Those gaily wrapped Christmas packages have all been opened, the gift wrap now in the city landfill. The tree is shedding needles and about to be hauled out for recycling. We may be in the middle of the Twelve Days of Christmas, but we’re thinking more in terms of New Year’s Eve than Christmas Eve.
Before we jump into that new year of 2022, however, let’s look back at 2021, especially from an outdoors perspective.
Something that this year has done, for better or worse, is demonstrate the grim reality of climate change, whether here in Montana, the United States or the whole world.
Let’s review Montana’s weather in 2021.
Just about all of Montana was in severe or extreme drought in 2021, as were most of the northern plains and Rocky Mountain states and Pacific Northwest. Farmers and ranchers were faced with crop failure, lack of grazing and hay crops.
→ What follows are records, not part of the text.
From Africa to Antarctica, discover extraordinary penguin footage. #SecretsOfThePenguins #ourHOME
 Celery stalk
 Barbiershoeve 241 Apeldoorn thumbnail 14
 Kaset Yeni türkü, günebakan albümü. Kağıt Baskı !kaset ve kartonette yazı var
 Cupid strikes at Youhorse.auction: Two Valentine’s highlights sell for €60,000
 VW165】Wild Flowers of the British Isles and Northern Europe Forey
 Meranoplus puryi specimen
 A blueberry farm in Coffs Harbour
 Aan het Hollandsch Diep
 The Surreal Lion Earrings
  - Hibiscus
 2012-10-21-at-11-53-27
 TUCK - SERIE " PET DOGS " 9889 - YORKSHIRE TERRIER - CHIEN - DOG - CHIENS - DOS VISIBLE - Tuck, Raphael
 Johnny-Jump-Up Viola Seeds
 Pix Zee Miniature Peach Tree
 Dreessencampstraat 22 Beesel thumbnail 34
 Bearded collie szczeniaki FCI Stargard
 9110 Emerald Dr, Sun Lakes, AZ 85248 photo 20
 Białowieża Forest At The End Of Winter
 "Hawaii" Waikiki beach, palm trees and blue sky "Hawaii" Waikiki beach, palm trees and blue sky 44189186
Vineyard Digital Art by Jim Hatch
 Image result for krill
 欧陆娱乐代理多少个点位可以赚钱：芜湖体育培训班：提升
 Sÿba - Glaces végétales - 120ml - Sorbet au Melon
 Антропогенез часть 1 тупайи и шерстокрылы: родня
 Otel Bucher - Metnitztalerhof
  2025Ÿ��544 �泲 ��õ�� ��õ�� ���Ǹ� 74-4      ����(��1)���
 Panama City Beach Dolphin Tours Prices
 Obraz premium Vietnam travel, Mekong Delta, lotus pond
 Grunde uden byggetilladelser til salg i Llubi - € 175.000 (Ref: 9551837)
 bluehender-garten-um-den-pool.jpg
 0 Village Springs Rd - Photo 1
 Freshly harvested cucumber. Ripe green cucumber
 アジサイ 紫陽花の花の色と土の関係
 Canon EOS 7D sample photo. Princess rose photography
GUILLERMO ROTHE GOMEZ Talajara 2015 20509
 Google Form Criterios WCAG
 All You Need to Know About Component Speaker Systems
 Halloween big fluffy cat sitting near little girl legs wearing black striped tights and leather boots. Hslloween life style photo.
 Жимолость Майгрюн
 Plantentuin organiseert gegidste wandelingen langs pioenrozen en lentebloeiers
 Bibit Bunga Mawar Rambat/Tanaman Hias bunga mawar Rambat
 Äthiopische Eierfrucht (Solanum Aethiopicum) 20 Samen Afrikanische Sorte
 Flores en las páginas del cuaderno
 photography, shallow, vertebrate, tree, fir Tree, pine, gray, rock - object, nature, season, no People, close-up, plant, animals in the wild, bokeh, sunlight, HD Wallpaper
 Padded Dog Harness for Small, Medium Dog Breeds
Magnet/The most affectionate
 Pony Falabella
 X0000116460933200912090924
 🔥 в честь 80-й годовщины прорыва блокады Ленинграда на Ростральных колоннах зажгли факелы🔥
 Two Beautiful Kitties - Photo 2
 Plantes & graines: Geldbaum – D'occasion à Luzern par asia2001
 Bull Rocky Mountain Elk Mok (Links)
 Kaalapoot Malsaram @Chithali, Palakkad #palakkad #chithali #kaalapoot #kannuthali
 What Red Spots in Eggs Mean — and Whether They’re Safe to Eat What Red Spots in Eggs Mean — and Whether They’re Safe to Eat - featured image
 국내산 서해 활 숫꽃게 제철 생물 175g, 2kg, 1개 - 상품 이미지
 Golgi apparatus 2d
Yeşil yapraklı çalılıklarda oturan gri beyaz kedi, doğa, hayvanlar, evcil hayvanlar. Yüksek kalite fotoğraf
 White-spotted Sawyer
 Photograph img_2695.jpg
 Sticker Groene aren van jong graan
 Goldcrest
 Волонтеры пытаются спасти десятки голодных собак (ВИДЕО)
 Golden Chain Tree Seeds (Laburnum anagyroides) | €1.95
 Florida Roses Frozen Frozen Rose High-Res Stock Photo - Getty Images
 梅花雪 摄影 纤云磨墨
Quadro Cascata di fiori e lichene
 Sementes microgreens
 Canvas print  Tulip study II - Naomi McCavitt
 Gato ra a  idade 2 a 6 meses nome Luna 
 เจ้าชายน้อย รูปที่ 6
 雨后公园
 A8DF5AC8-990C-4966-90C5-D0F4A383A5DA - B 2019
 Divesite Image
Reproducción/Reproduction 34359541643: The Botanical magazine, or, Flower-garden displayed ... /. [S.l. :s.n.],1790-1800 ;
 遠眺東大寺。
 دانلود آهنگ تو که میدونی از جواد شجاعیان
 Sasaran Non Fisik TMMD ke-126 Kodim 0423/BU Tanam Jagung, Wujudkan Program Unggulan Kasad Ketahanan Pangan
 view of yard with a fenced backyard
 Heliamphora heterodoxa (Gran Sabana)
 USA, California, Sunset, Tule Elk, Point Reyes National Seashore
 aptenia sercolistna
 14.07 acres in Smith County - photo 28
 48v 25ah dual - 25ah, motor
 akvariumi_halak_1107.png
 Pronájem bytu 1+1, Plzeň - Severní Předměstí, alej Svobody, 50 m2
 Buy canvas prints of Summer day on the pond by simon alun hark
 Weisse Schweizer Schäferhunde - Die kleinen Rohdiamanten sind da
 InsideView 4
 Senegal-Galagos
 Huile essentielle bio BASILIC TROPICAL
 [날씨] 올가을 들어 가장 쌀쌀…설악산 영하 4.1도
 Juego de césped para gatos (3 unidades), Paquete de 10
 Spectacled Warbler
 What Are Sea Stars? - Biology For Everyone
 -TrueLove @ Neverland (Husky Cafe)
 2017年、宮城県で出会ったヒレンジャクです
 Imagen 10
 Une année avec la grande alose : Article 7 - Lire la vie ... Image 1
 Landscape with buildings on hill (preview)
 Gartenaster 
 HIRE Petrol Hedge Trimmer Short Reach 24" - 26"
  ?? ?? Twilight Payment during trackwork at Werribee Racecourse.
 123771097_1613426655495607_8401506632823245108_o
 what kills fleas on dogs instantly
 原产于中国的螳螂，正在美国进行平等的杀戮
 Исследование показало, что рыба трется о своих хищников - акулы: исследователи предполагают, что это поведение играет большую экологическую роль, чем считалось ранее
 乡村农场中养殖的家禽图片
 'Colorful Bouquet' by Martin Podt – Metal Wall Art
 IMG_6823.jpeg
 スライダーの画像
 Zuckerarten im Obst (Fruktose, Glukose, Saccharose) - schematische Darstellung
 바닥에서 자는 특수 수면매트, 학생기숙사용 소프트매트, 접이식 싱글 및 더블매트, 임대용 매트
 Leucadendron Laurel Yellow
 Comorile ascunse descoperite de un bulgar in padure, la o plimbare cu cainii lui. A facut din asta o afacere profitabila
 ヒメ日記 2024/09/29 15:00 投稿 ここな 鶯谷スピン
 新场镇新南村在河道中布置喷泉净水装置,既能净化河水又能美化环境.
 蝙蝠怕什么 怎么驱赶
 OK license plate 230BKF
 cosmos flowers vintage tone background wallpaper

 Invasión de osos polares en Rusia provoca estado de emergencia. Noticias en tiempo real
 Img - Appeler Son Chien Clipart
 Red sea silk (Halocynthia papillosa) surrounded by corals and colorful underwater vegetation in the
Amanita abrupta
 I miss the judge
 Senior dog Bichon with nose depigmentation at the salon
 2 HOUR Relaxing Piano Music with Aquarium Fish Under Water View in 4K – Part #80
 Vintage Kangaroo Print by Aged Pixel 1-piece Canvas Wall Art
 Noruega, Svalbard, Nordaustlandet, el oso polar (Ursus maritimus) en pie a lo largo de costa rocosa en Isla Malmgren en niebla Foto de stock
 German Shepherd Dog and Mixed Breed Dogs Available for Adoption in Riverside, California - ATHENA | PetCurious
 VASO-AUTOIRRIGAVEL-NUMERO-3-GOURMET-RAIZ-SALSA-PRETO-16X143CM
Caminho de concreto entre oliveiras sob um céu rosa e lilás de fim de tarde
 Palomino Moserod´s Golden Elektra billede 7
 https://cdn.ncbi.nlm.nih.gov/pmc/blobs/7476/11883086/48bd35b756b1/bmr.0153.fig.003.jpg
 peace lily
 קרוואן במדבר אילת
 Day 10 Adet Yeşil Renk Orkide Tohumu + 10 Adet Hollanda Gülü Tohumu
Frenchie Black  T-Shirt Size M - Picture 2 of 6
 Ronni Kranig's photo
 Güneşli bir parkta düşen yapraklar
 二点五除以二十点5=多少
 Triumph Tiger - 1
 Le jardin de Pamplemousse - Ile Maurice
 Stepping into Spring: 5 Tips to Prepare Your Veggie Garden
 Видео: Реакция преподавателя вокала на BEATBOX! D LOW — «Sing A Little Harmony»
River levels dropped and widespread angling restrictions and closures went into effect starting in early July. We had wildfires in virtually all areas of Montana. Fisheries biologists have also found that trout populations, especially brown trout, are dropping.
Drought effects aren’t limited to rivers and crops. Wildlife suffers in drought, with lack of forage, poor nesting cover for birds, dried-up wetlands, diseases in animals. The impacts of climate change are limitless.
The impacts aren’t just on fish and wildlife. Tourism is a major part of Montana’s economy. Fishing closures and restrictions equate to loss of income to fly shops, sporting goods stores, lodges, guides, and tourism in general.
As we moved into autumn, the warm weather continued. Even here in Butte, a city notorious for cold weather, we had days with highs in the 60s in December. Some towns even had highs in the 70s. We’re having wildfires in December, including a forest fire just outside of Butte, not to mention the grass fire that came close to wiping the central Montana town of Denton off the map.
If we had freaky weather in Montana, think of the monster tornadoes that ravaged Illinois, Arkansas and Kentucky this month. Even my home state of Minnesota had two tornadoes this month. Yes, you read that right. Tornadoes in Minnesota in December.
I’ll also make the snarky observation that, in the face of climate change, with all the changes that are increasingly affecting Montana and all of the West, what does Governor Gianforte do? He pulls Montana out of the U.S. Climate Alliance, a multi-state coalition organized to deal with climate change. The Guv’s spokesperson, Brooke Stroyke, issued a statement that “the governor believes the solution to climate change is unleashing American innovation, not overbearing government mandates.”
So, how’s that working for us, Governor?
The other big elephant in the room is Covid-19.
Since March 2020, when the Pandemic hit Montana, 2,890 Montanans have died of covid. 195,417 cases of covid have been reported, meaning almost 200,000 people have been infected, which likely translates to the majority of Montana households having been affected by the Pandemic one way or another. (Note: figures are from a week ago)
As of last week, just 54 percent of Montana’s citizens have been vaccinated for coronavirus, and the percentage of fully vaccinated with a booster shot is just 37.9 percent (source: Washington Post). The overall percentage for the U.S. is 62 percent.
Vaccinations are a highly effective means to prevent covid-19 infection, and to reduce severity, need for hospitalization, or death in “break-through” cases.
I guess we could take pride in being better than Idaho, which has vaccinated 46.1 percent of population or Wyoming, with 47. 2 percent. Even Mississippi and Louisiana are doing better than those states.
Again, I fault the Governor for lack of leadership in promoting vaccinations, not to mention his active stances against mask and vaccination mandates. While we’re pointing fingers, let’s note Attorney General Austin Knudsen, who has filed multiple lawsuits protesting federal vaccine mandates, not to mention attempting to bully a Helena hospital into administering ivermectin to a covid patient.
Remember the good old days when elective officials worked FOR the people of Montana?